PROMPT:
Your job is to return the whole listing unchanged while skipping its images.
### SUPPLIED MATERIAL
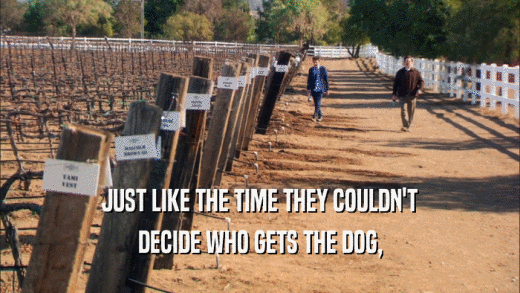 JUST LIKE THE TIME THEY COULDN'T DECIDE WHO GETS THE DOG, 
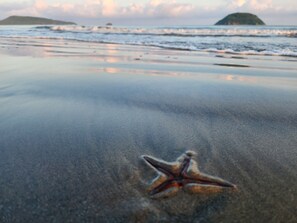 Beach - 2 Bedroom Ground Floor Condo - with the sand at your feet. (Rincón de Guayabitos)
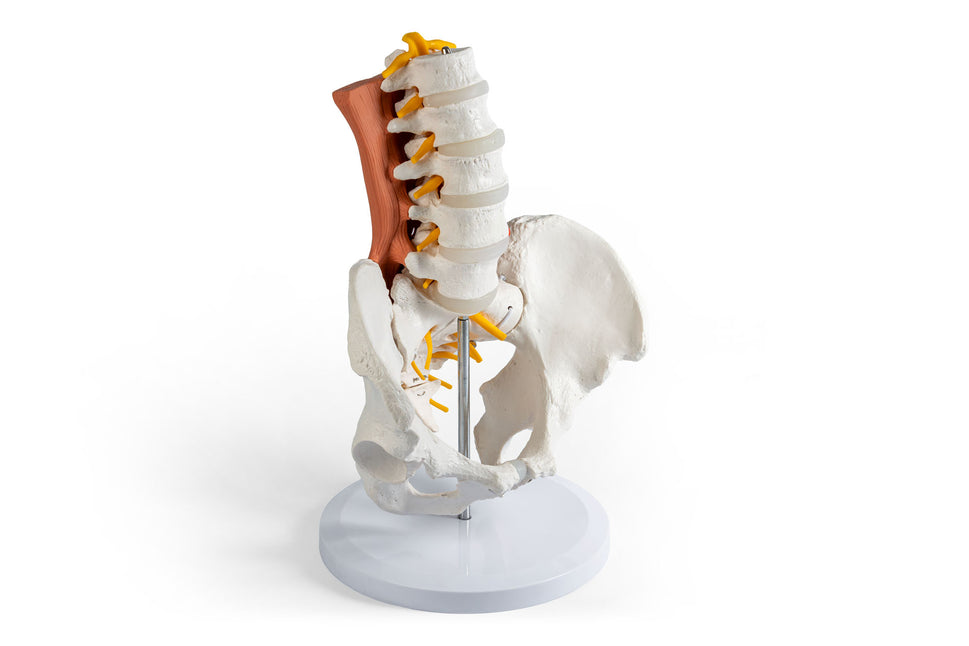 Male Pelvis and Lumbar Spine Model with Muscles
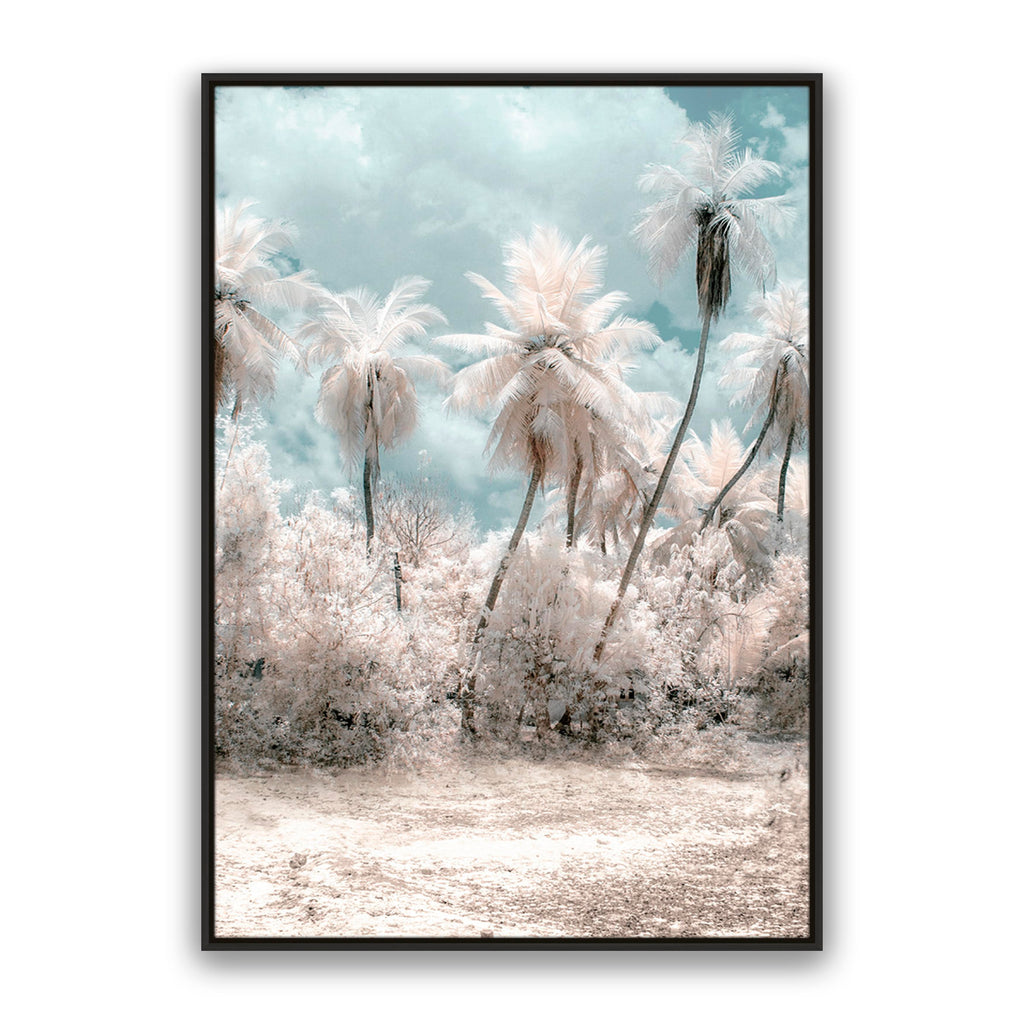 Soft Palms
######
ANSWER BOX:
 JUST LIKE THE TIME THEY COULDN'T DECIDE WHO GETS THE DOG, 
 Beach - 2 Bedroom Ground Floor Condo - with the sand at your feet. (Rincón de Guayabitos)
 Male Pelvis and Lumbar Spine Model with Muscles
 Soft Palms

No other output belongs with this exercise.